# leftover sheetrock



## Absinthe (Jun 21, 2011)

Sorry if this is the wrong place but it seemed the closest match.

I just finished sheetrocking my woodshop. Yay!! However, this leaves me with several pieces of scrap sheetrock.

Some of them are a 7 or 8' by about 1'. Others are in the area of 2' by 4' with some other assorted sized as well.

I figure there has to be some sort of project that can be done with them. Perhaps some sort of P&F or related project for some piece of utilitarian shop furniture or something.

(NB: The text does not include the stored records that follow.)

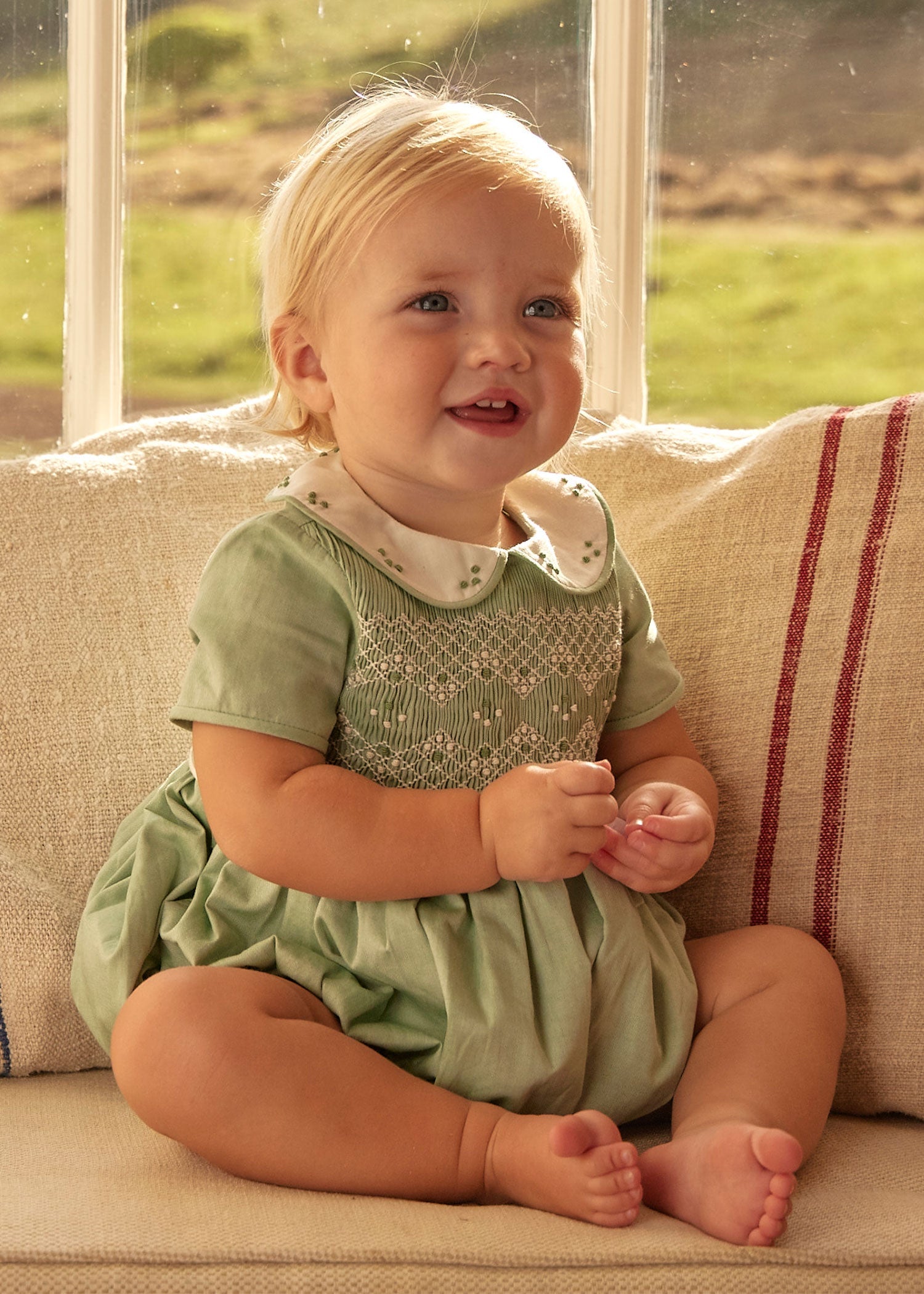 BABY GIRL LOOK SS24 3 Look  from Pepa London US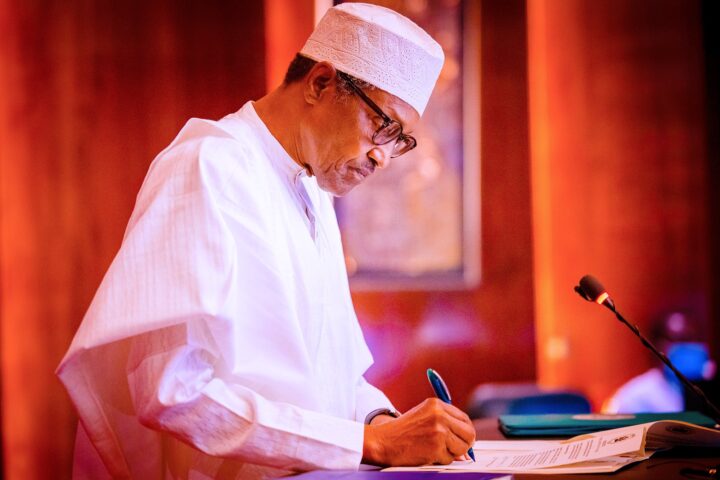 Muhammadu Buhari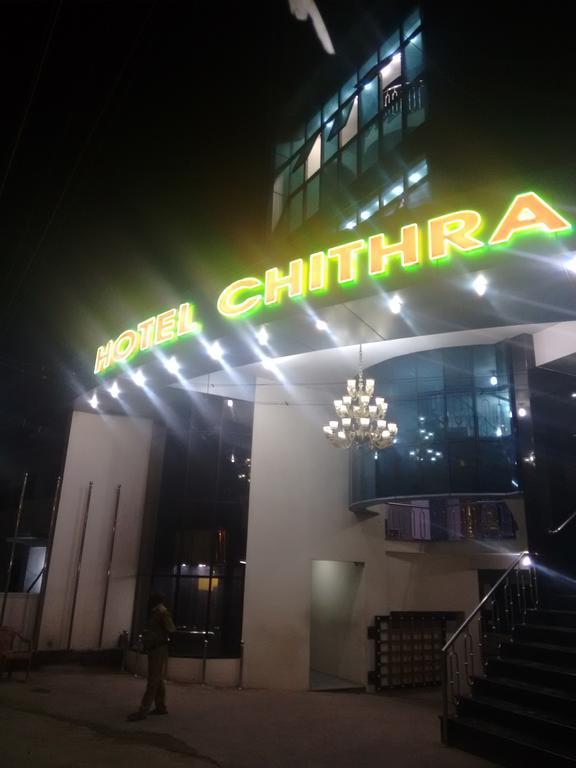 Hotel Chithra Kanyakumari Eksteriør bilde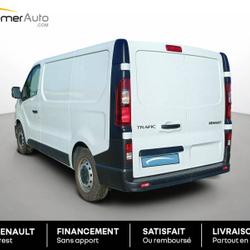 Renault Trafic FG BLUE DCI 130 L1H1 3T GSR2 ADVANCE Brest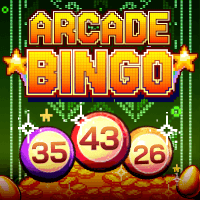 Arcade Bingo game cover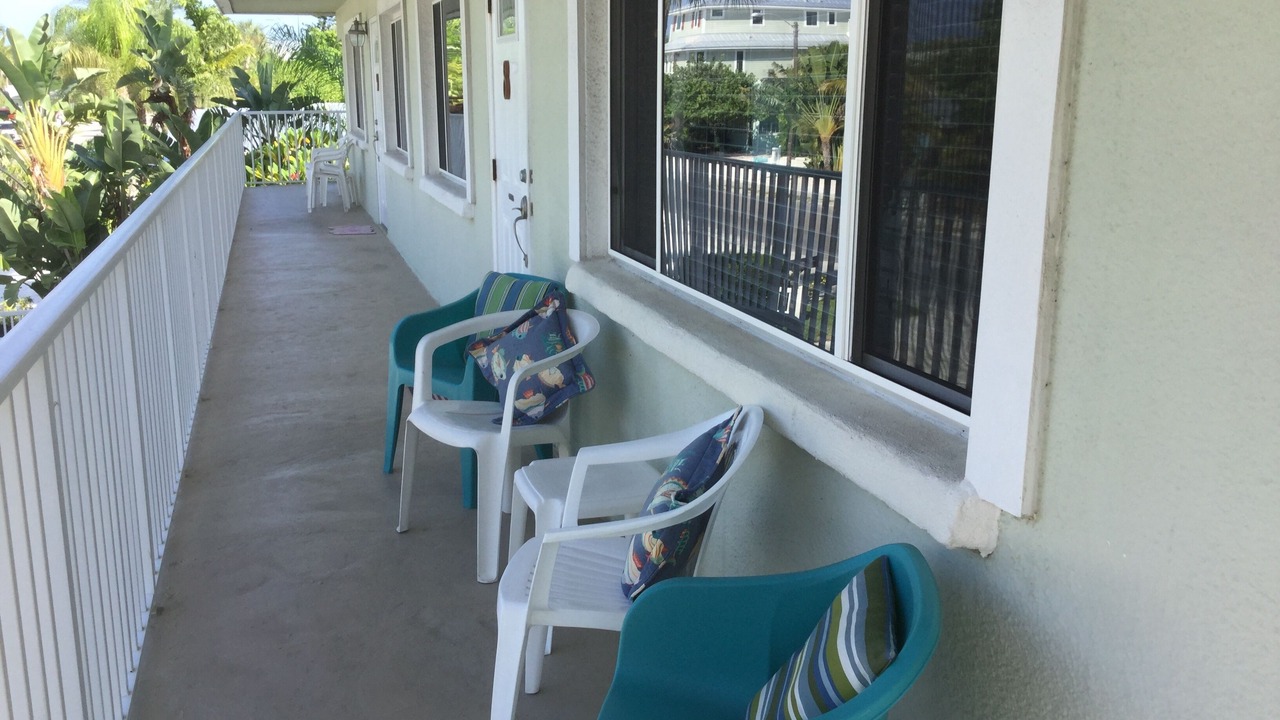 Photo of Patio Balcony in Ilexhurst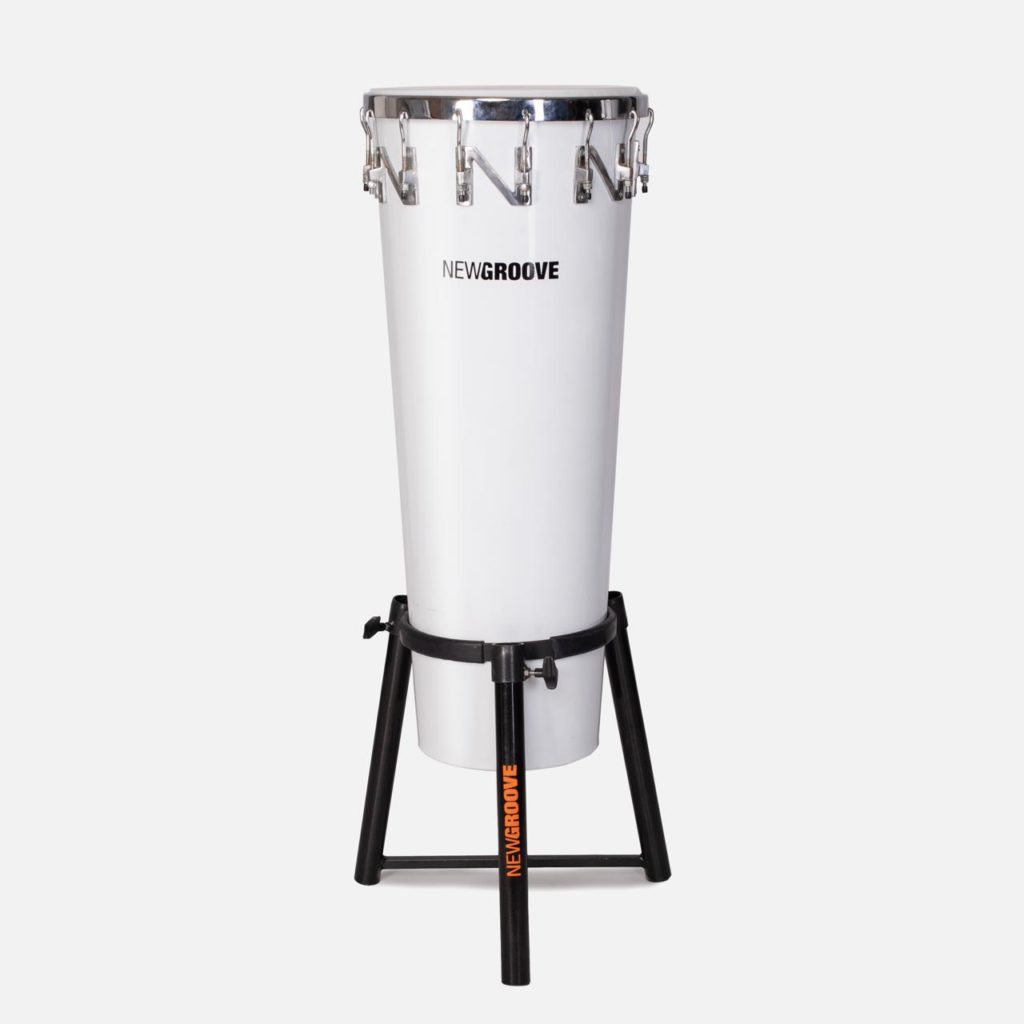Timbal de Fibra - Newgroove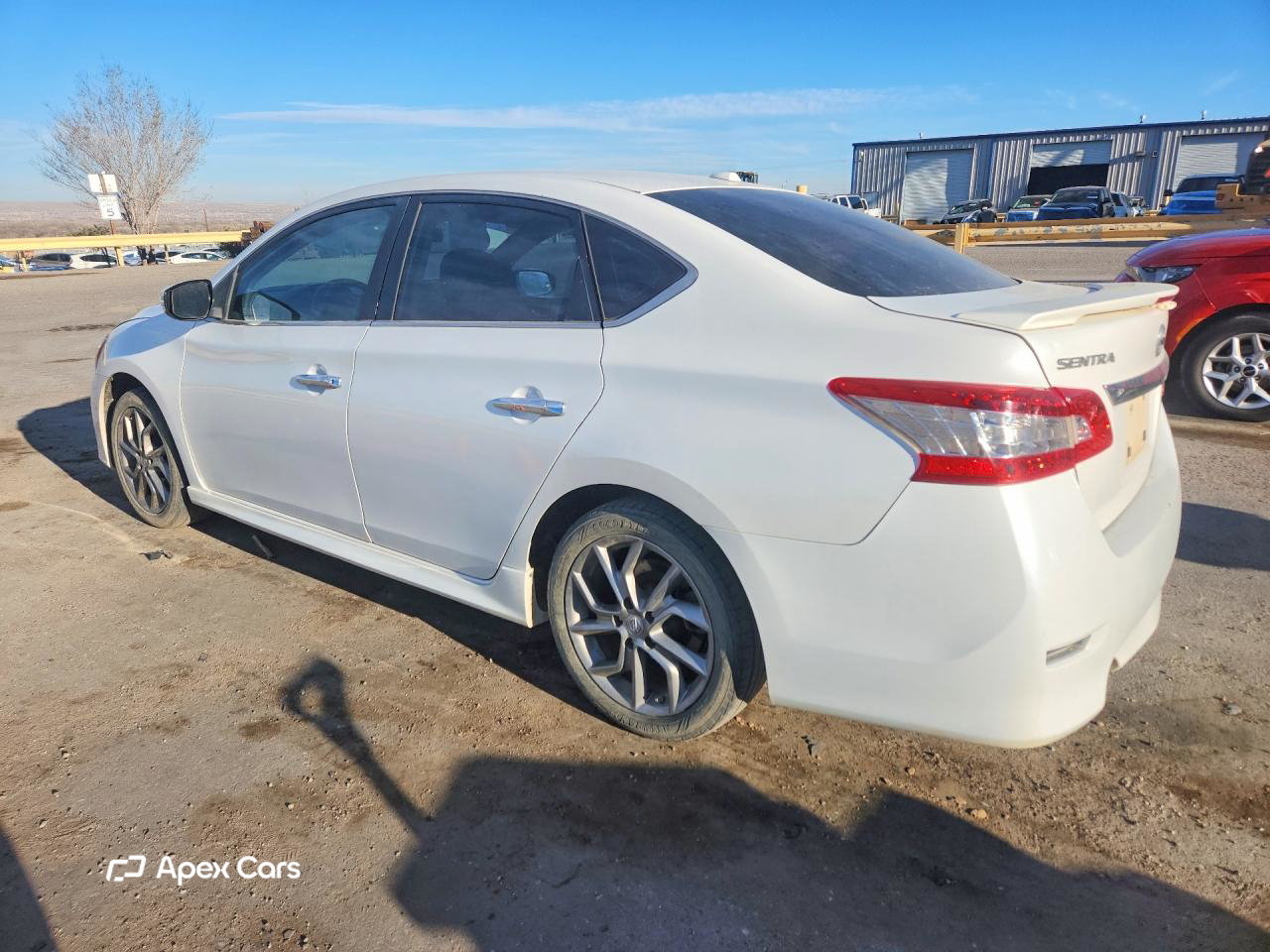 Nissan Sentra 2015
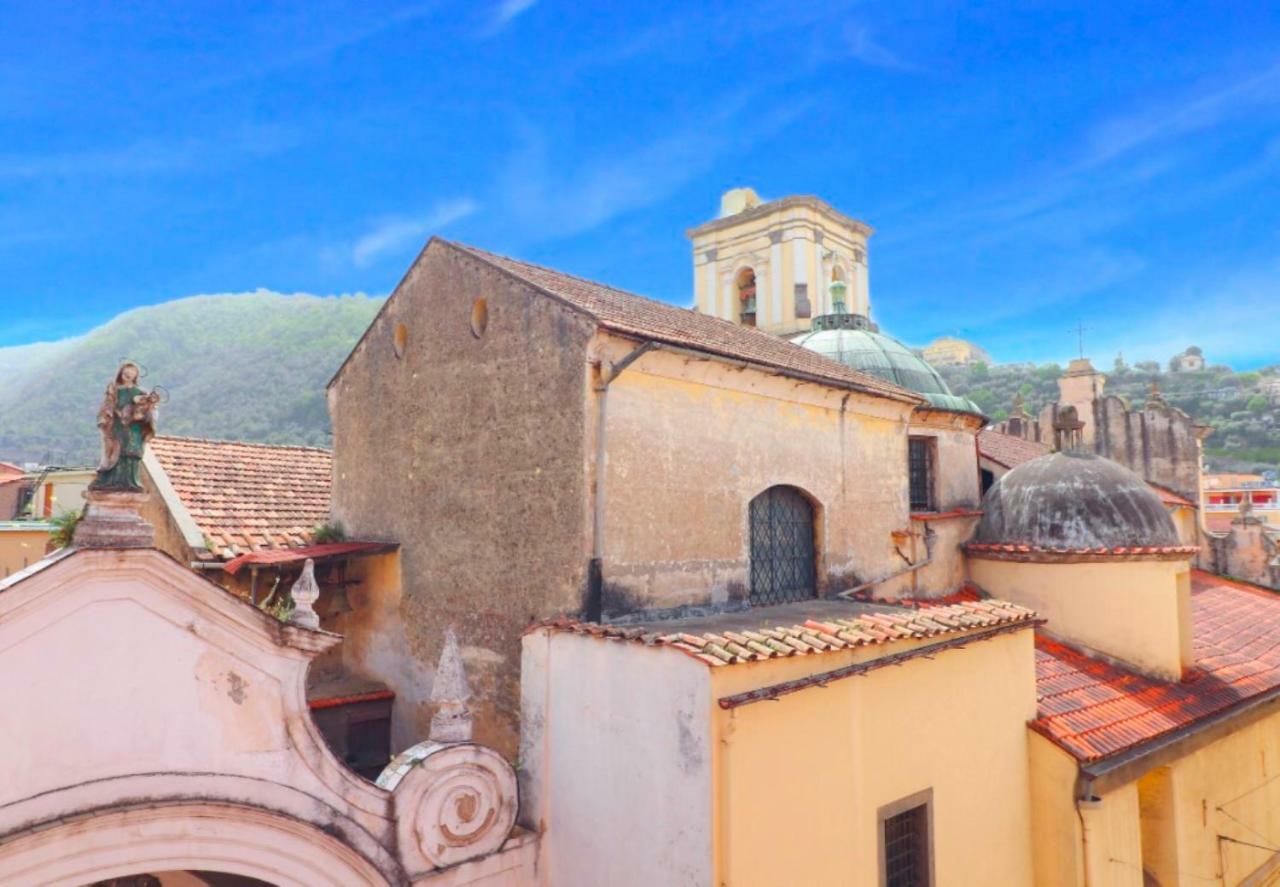 Apartamento Painter House Sant'Agnello Exterior foto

It seems such a waste to just bust it up and trash it. Plus I spent money on it, and I am a cheap b*d.


----------



## JJohnston (May 22, 2009)

I kind of doubt it. It has no structural strength. Apart from saving some of the better pieces to make repairs down the road, I can't think of anything to do with it. Well, if you have kids/grandkids, you can always make sidewalk chalk out of the smaller pieces.

What's "P&F"?


----------



## Smitty_Cabinetshop (Mar 26, 2011)

Those are the kinds of cut-offs I *am* good at parting with. Not good for anything that I've discovered!


----------



## BentheViking (May 19, 2011)

scrap and garbage is just part of the sheetrock business…a few years back i had heard something about being able to use it in some sort of gardening application like a fertilizer, but I'd look into that a lot more before i'd chop it up and sprinkle it over your wifes flower bed


----------



## Gregn (Mar 26, 2010)

Congrats on your shop improvement. Now do you have a dust collector closet? If not building a closet to house the dust collector would help to cut down the noise and dust, a good way to use all those small pieces.
Another thought might be to build a playhouse or doghouse to use up those small pieces.


----------



## Sawkerf (Dec 31, 2009)

Probably best to toss it. It's tempting to save some "just in case", but it's seldom worth the effort. If you just gotta keep some, store it laying flat in a dry location. In a year, or so, you can ask yourself why you even bothered. - lol


----------



## longgone (May 5, 2009)

I would donate it to the dump. There are better things to use storage for such as lumber. If you should ever need a small piece for a repair it is easy to obtain and usually for free.


----------